Welcome to my Opera blog. I'll be writing about what Opera Roanoke is up to, and about some of the connections between and across opera and the arts.
Monday, May 28, 2012
Enchanted realms in the Bohemian woods: Wagner on Weber
One of my favorite works of the late 20th century is a symphony by John Adams, an orchestral triptych called Harmonielehre (Harmony Lesson). The title is a reference to a book by Schoenberg on his “theory of harmony.” The first movement was inspired by a dream set near the composer’s northern California home. Crossing the “San Francisco Bay Bridge,” the composer writes (in his engaging autobiography, Hallelujah Junction), “I looked out to see a huge oil tanker sitting in the water. As I watched, it slowly rose up like a Saturn rocket and blasted out of the bay and into the sky. I could see the rust-colored metal oxide of its hull as it took off.”

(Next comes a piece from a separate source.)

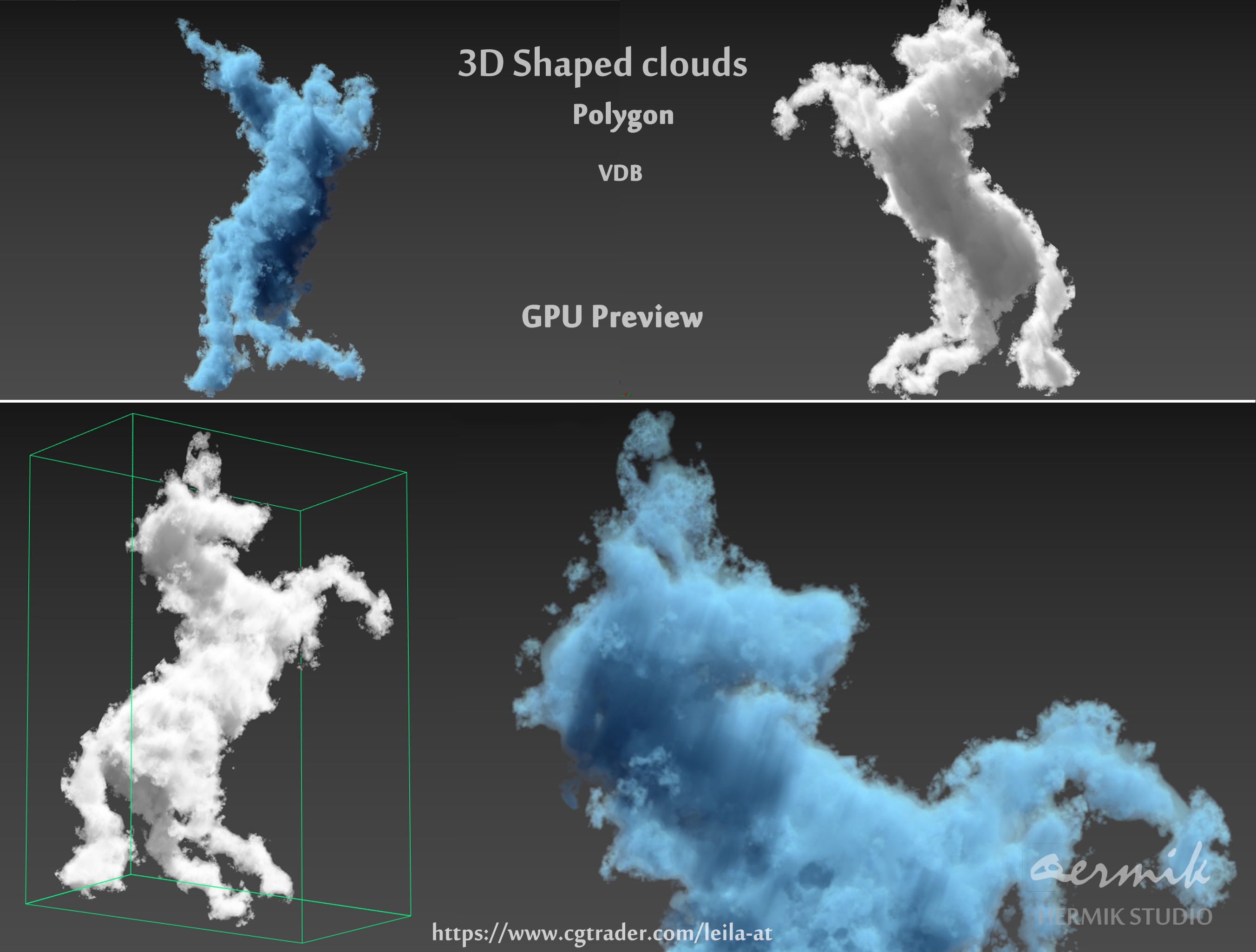 3D Shaped Clouds - Polygon and VDB   3D model_4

Composers have long remarked on the mysterious power of dreams and visions as sources of inspiration. Elsewhere I have quoted from the composer Jonathan Harvey’s excellent book on this subject, Music and Inspiration. It should not be surprising to learn about such colorful dreams coming from the composer of the vivid and original operas, Nixon in China and Doctor Atomic.
The second movement of Harmonielehre is a brooding adagio called “The Anfortas Wound.” This Mahlerian elegy references the “sacred wound” in the thigh of the Grail Knight around which Wagner’s final opera, Parsifal revolves. While Wagner and Adams would not appear to have much in common, their attraction to medieval legends and their shared mystical bent proves at least one strong connection.
The final movement of Harmonielehre was also inspired by a dream. The enigmatic title, “Meister Eckhart and Quackie” links the hermetic philosopher and the nickname of Adams’s daughter (who made “a funny, ducklike noise” as a baby). The dream consisted “of a single image: the medieval mystic floating in space and carrying on his shoulder, like a blithe and gentle homunculus, our fourth-month old daughter, Emily.”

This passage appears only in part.